Après les êtres, les lieux : Les Deux Magots, Le Lipp, Le Flore. Vian explicite les différences, les relais, les réputations, quel écrivain a lancé quel café… Le chapitre « Florilège et personnalités » offre, par ordre alphabétique – Queneau seul y échappe car « il ne voulait pas être avec les Q » et Vian le « case au hasard »… –, les portraits de ceux qui ont fait les belles heures de Saint-Germain-des-Prés, de Prévert à Sartre, du Castor à Genet, Camus, Queneau. Nul doute que « si les tôliers du coin avaient trois sous d’honnêteté, Simone de Beauvoir et Sartre devraient consommer gratis dans tous les bistrots qu’ils ont lancés » ! Les notices rendent vie au quartier, Saint-Germain est un bestiaire : Toutoune, le Castor, Anne-Marie Cazalis que Paul Guth voit en mésange, Vian en « chèvre rousse » plutôt, parfois « bourrique », d’ailleurs…

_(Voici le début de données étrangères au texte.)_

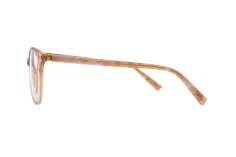 Ivision glasses|opticraft.eu 2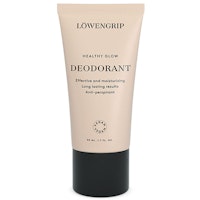 Löwengrip Healthy Glow Deodorant - 50 ml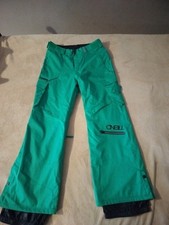 Vintage neill men for sale  PINNER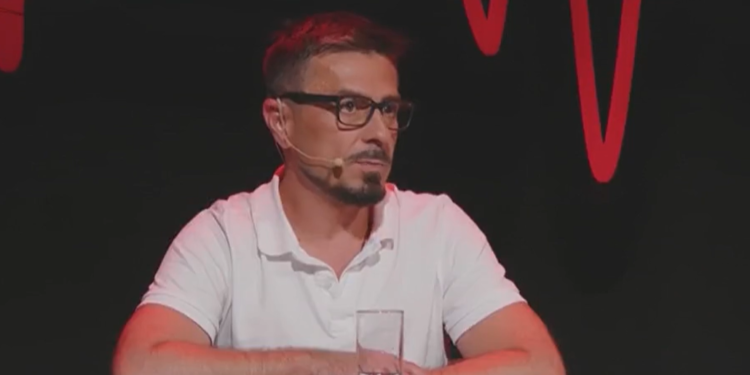 Politolog: Autoritățile vor închide și alte partide. De asemenea, vor încerca să-l scoată pe Ion Ceban din alegeri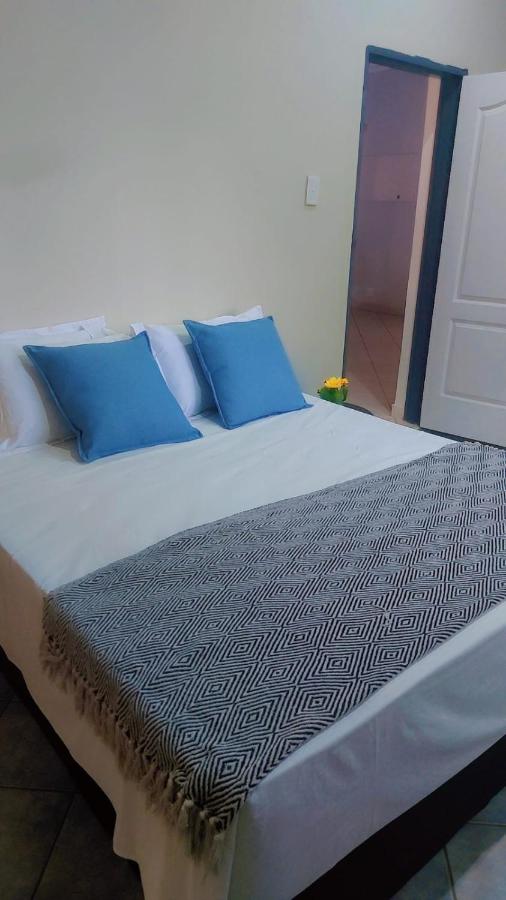Deluxe Double Room (2 Adults + 1 Child)
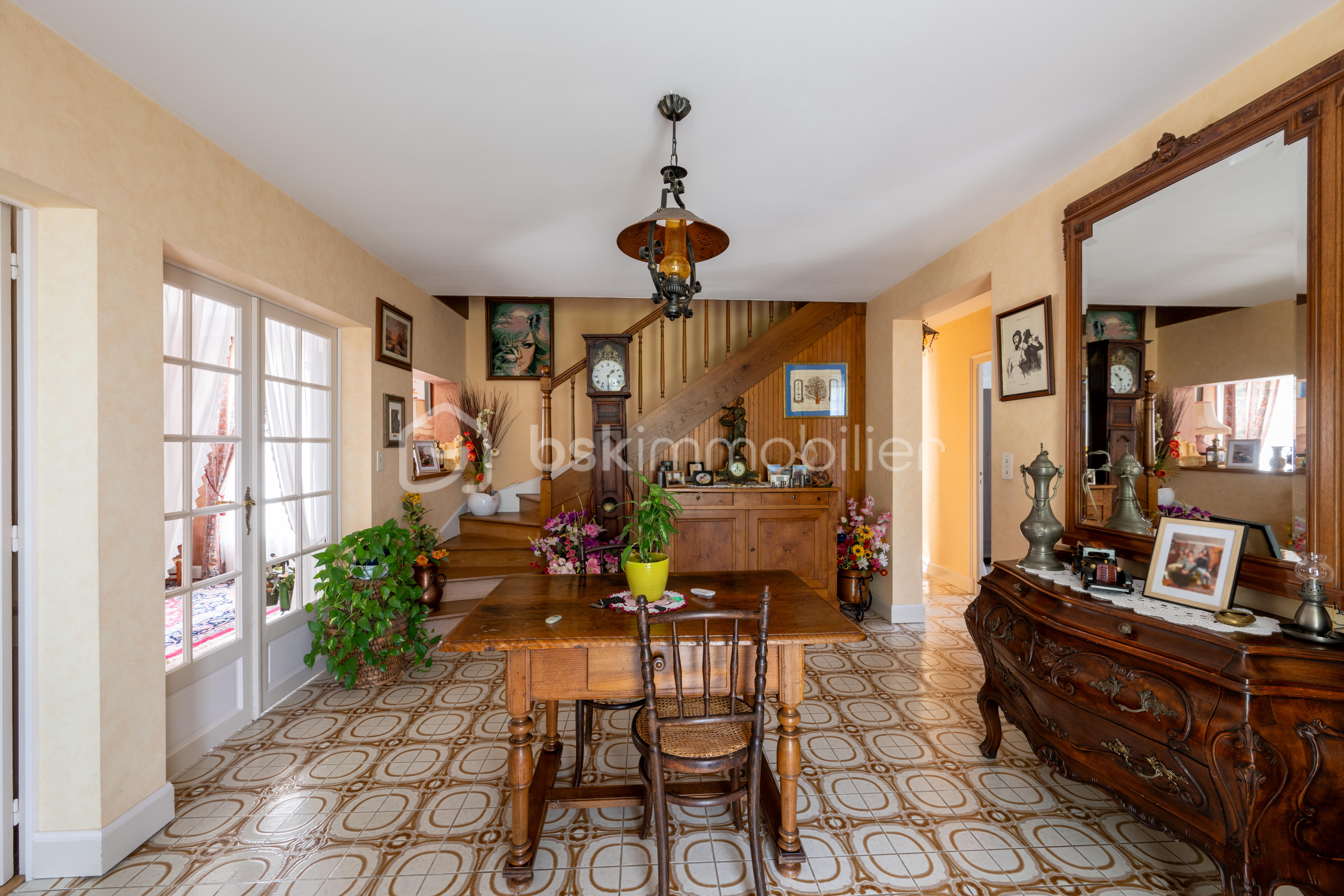 Maison de 186,66 m² - SLP_DD--24.jpg
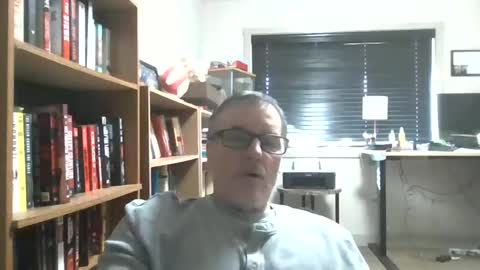 marty1688 online show from November 4, 7:59 pm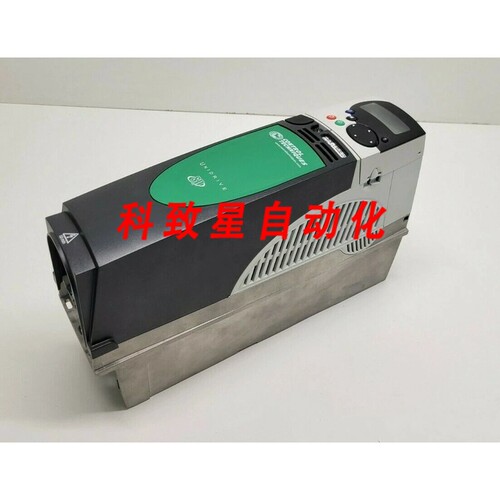 工业配件CONTROL TECHNIQUES SP UNIDRIVE SP1401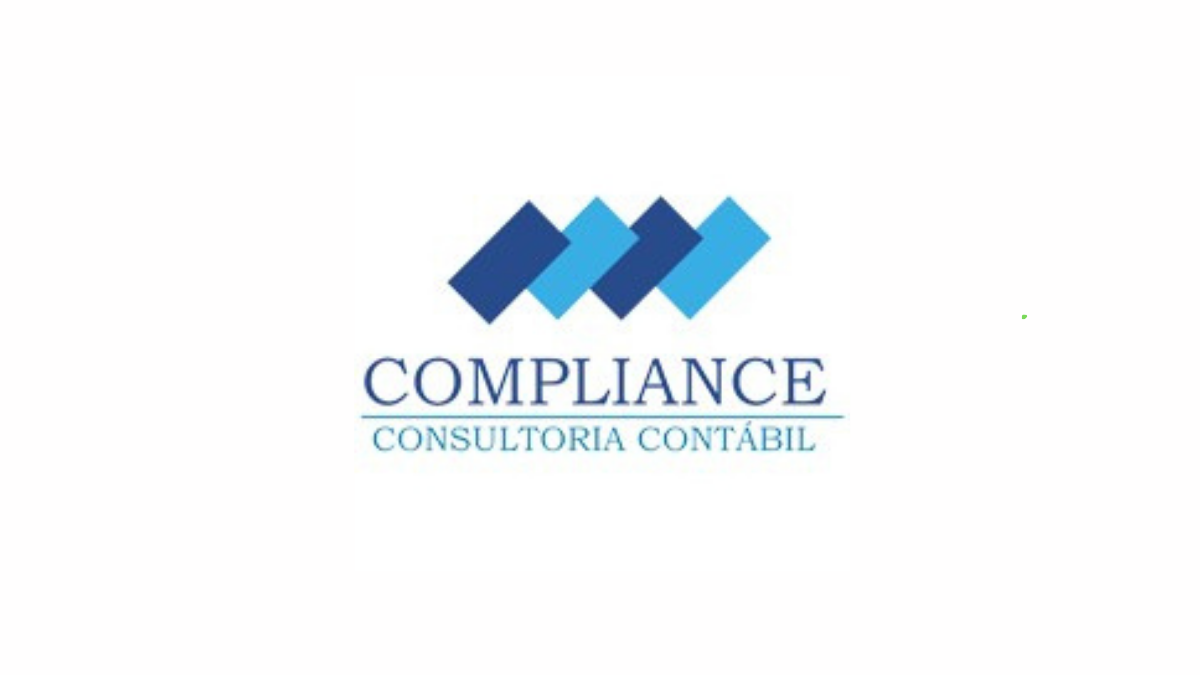 Logo de Compliance Consultoria Contábel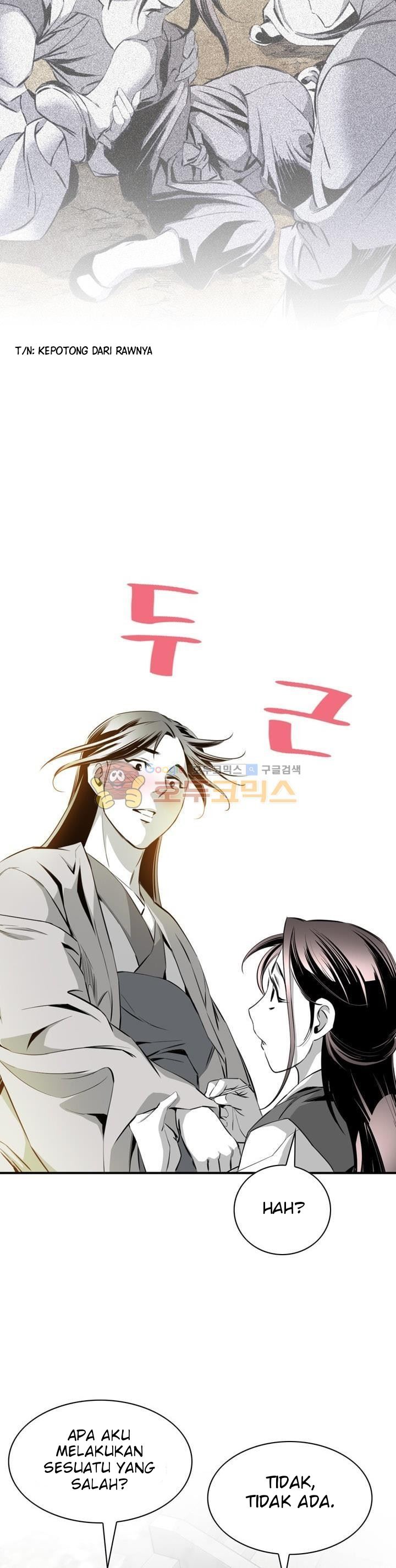 image-komik-way-to-heaven-chapter-57-19/35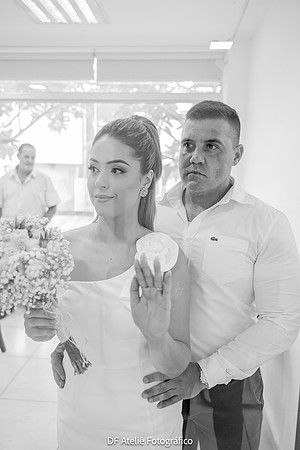 0010 - Gabrielly e Pedro - Civil - DF4_4886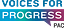 Image of Voices for Progress PAC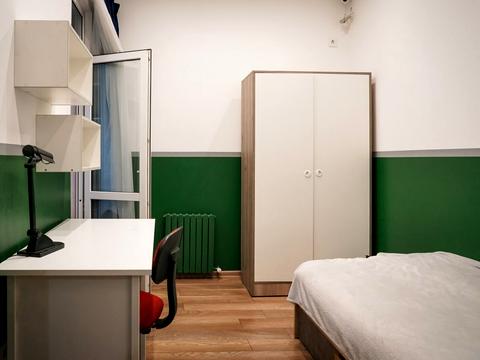 квартира за адресою Балківська вул., 22а к3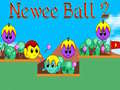 Gioco Newee Ball 2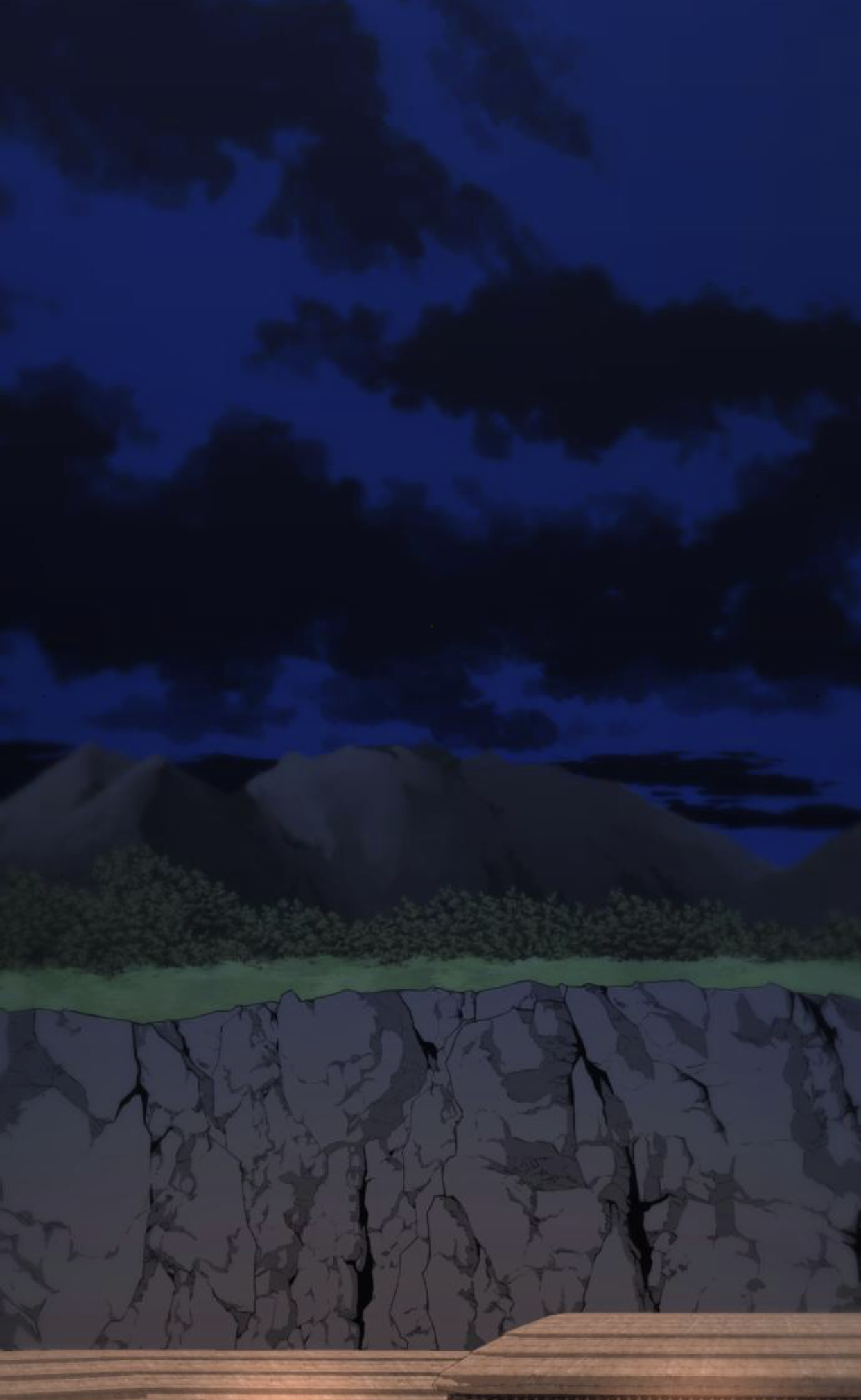 Read A Blade At A Time FR Manga Online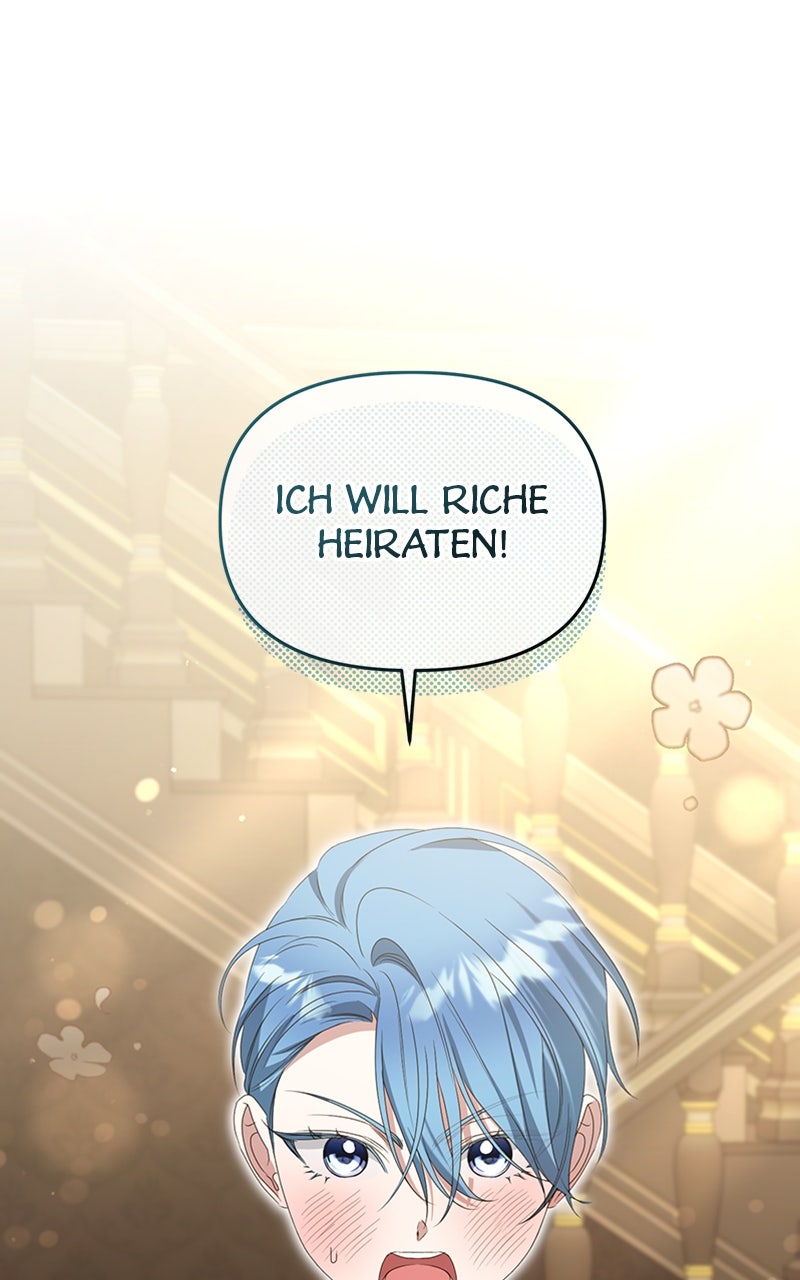 Read Adoptiert von einer Assassinenfamilie Manga Online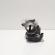 Egr, cod 03L131501E, Audi A4 Avant (8K5, B8) 2.0 TDI, CAG (id:674145)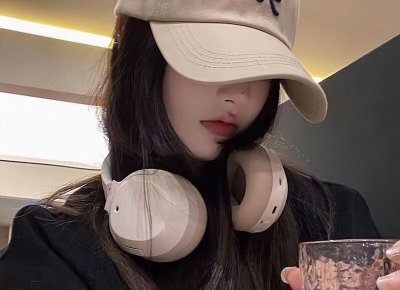 追求处女座男有什么技巧 如何追求处女座男生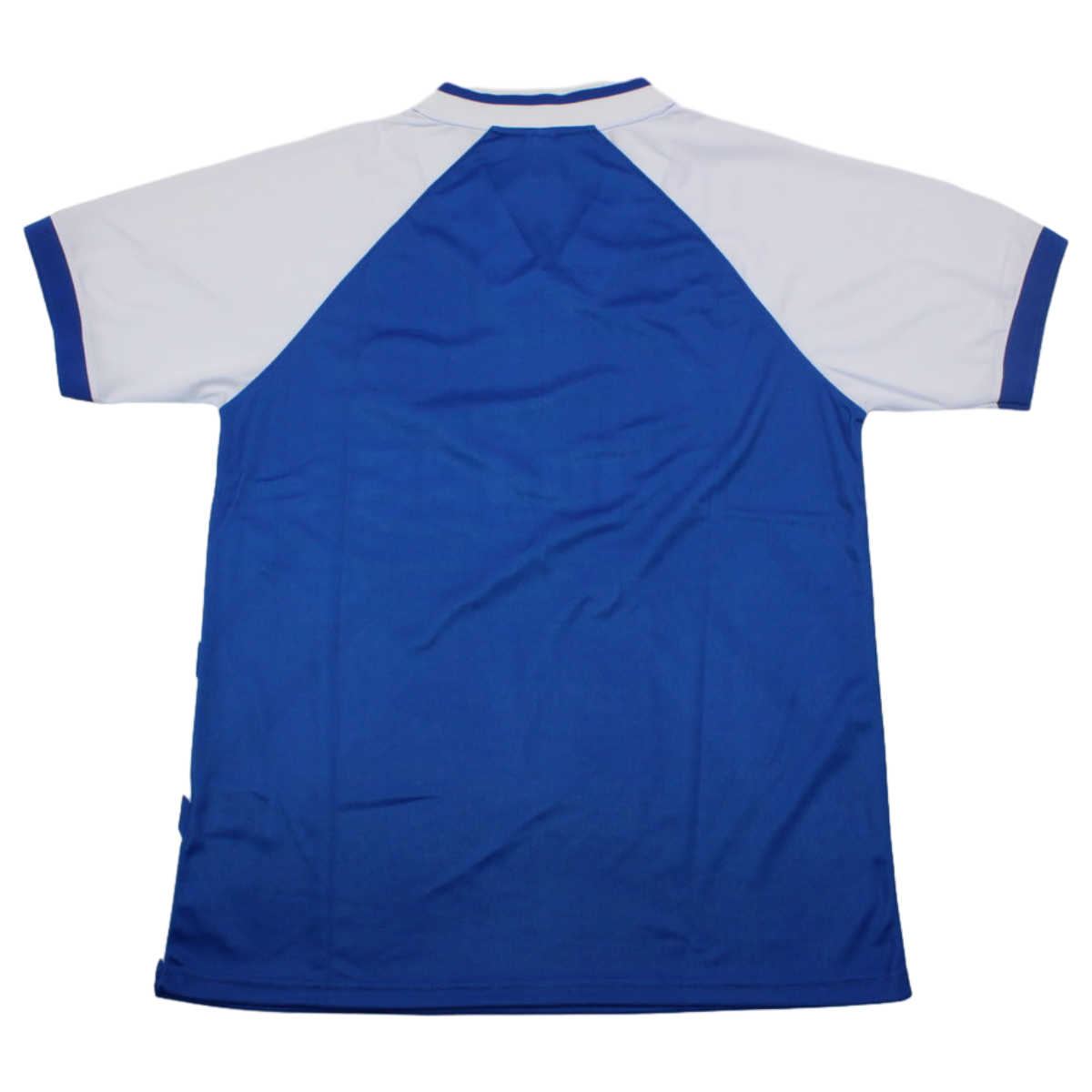 Retro PSV Eindhoven 1994-95 Away Jersey - UnitedFutballJersey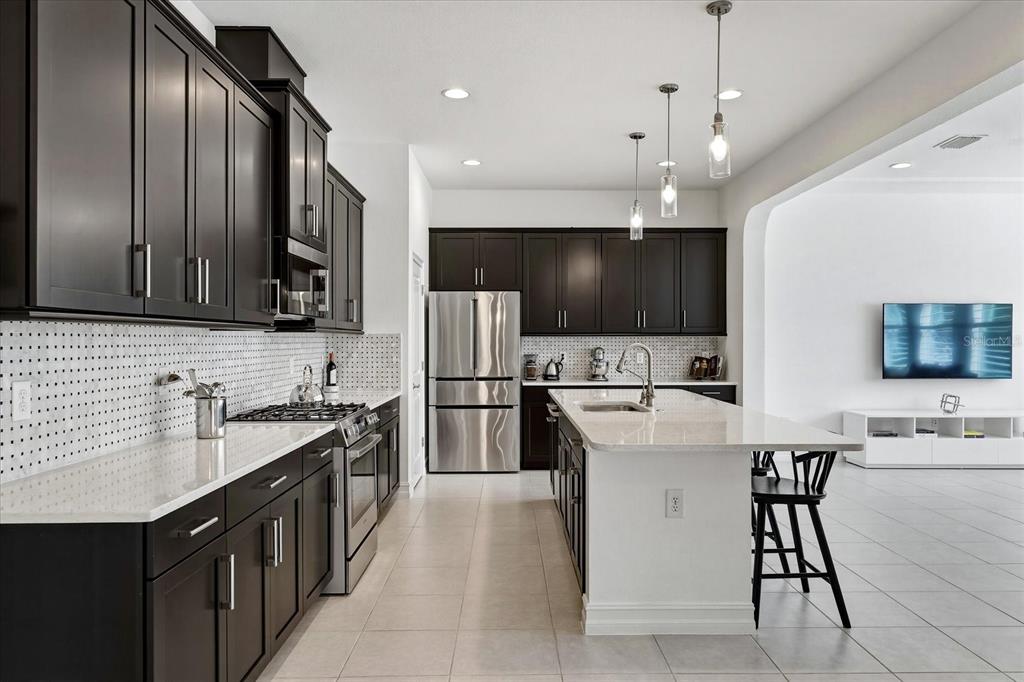 12022 Medley Terrace Lakewood Ranch, FL 34211 - Photo 15 of 80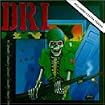 Dirty Rotten LP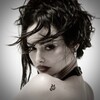 Логотип телеграм канала @gossipboookk — gossipboook
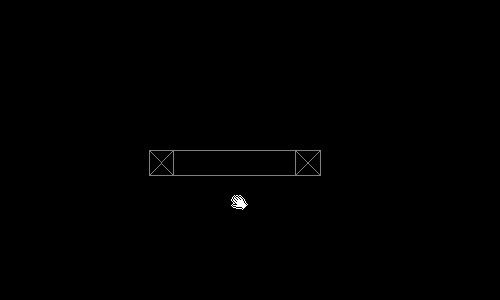 0 (2).gif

La plume de Vian est alerte et piquante, alternativement drôle et tendre. Vian mêle artistes (hommes de lettres, de cinéma, peintres, chansonniers), tenanciers de bars et de clubs, dans ces portraits hauts en couleur qui forment la fresque d’une époque, d’un certain rapport au monde et au temps, aussi.
Vian passe ensuite les rues du quartier en revue avant de rédiger un important chapitre (« Posologie et mode d’emploi ») destiné à offrir à « ceux qui s’y rendent une utilisation rationnelle de cet important fragment du 6° arrondissement ». Il s’agit d’un jeu de questions / réponses, d’une mise en abyme de l’ensemble du Manuel dans son ton décalé, enjoué. Vian y glisse des recettes de cocktails (Le Grizzly de l’Oural, le Show-burn, le Lait de Tigre, le Green Moon…), mais c’est d’une certaine manière logique, car on distingue les épiceries des librairies en ce que les unes vendent des livres et les autres des bouteilles. Serait-ce l’inverse ? Aucune importance. Nous sommes « à Saint-Germain-des-Prés, pardi ! »
Boris Vian, Manuel de Saint-Germain-des-Prés, Le Livre de Poche, 224 p., 14 €
Le coffret contient, outre Le Manuel, un livret illustré inédit et un CD hommage à Boris Vian (Casserole sérénade par Arthur H, Le Déserteur par Juliette Gréco et Bourrée de complexes par Carmen Maria Vega & Merlot).

Il serait impossible de répertorier l’ensemble des sorties liées à l’anniversaire de la mort de Boris Vian. Signalons cependant (choix subjectif) :
« On n’est pas là pour se faire engueuler ! », double album regroupant des classiques et des chansons inédites de Boris Vian, interprétées par Philippe Katerine, Juliette, M, Juliette Gréco, Olivia Ruiz, Ute Lumper, Lambert Wilson, Agnès Jaoui, Jeanne Moreau, Zebda, Carla Bruni, Jane Birkin, Edouard Baer, etc.
La réédition en Livre de Poche de tous les grands textes de Vian, avec de nouvelles couvertures, illustrées de photographies d’objets intimes ou farfelus ayant appartenus à l’auteur. Et le site spécialement créé par l’éditeur.

Une bande dessinée, Piscine Molitor, de Cailleaux et Bourhis (Aire Libre - Dupuis), présentée par Dominique Bry dans Comic Strip.